Business sentiment for the rest of the year has fallen sharply among manufacturers here on the back of global trade tensions, according to a survey released yesterday.
It found that 22 per cent of manufacturers expect a softer outlook over the next six months, while only 11 per cent anticipate conditions to improve. That equates to a net weighted balance of 11 per cent of manufacturers expecting a gloomier second half of the year.
This is a stark turnaround from the same period last year when a balance of 7 per cent expected an improved business outlook.
Biomedical manufacturing is the most optimistic sector, supported by the pharmaceuticals segment, which anticipates higher export demand for biological products.
In contrast, the chemicals and electronics and precision engineering clusters are less optimistic about the second half, an Economic Development Board quarterly survey found.
Chemicals firms are concerned about declining refining margins and weaker demand from the region, particularly China.
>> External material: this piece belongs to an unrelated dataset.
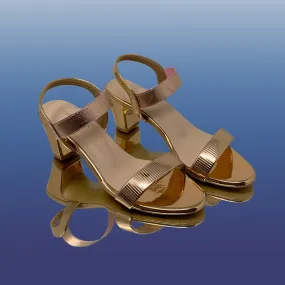 Rose Gold Block Heel Sandals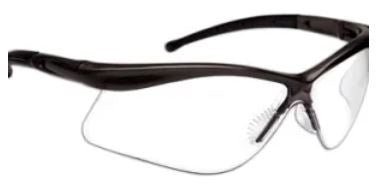 Safety Glasses w/Black Frame Each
Companies in the electronics and precision engineering cluster cite subdued demand for semiconductors and related equipment and uncertainties arising from the trade conflict.
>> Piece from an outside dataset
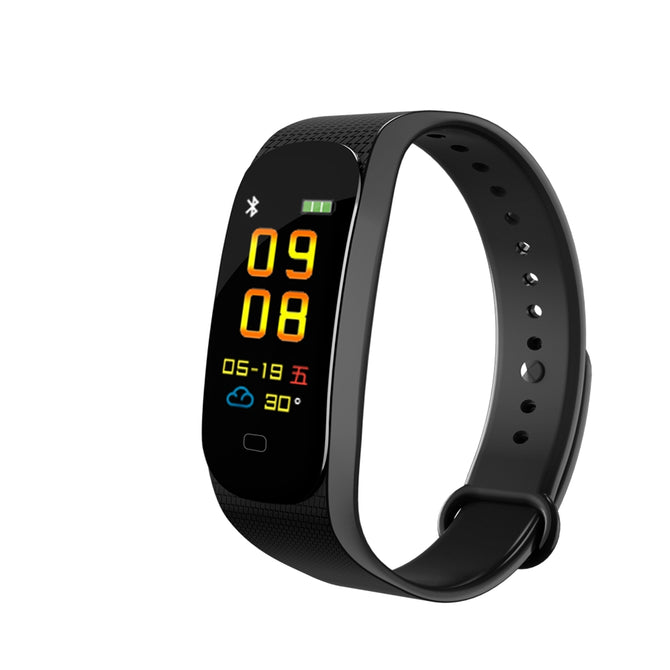 M5 Color Screen Waterproof Smart Bracelet with Fitness Tracker, Heart Rate / Blood Pressure Monitor - Black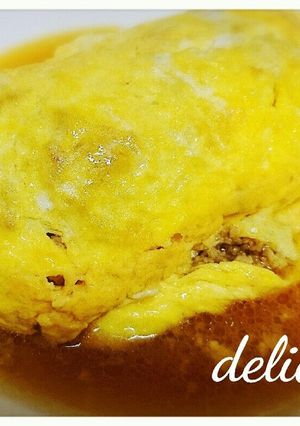 鶏そぼろの簡単オムレツ-レシピのメイン写真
A separate Department of Statistics survey on the service sector, also out yesterday, found that expectations have moderated for this half. It noted that 12 per cent of firms foresee slower business, while 14 per cent are optimistic, resulting in a net weighted balance of 2 per cent predicting a more favourable outlook.
Percentage of manufacturers that expect a softer outlook over the next six months. Only 11 per cent anticipate conditions to improve.
This is well down on the 9 per cent positive outlook recorded for the same period last year.
The retail trade, wholesale trade and financial and insurance industries are the least optimistic.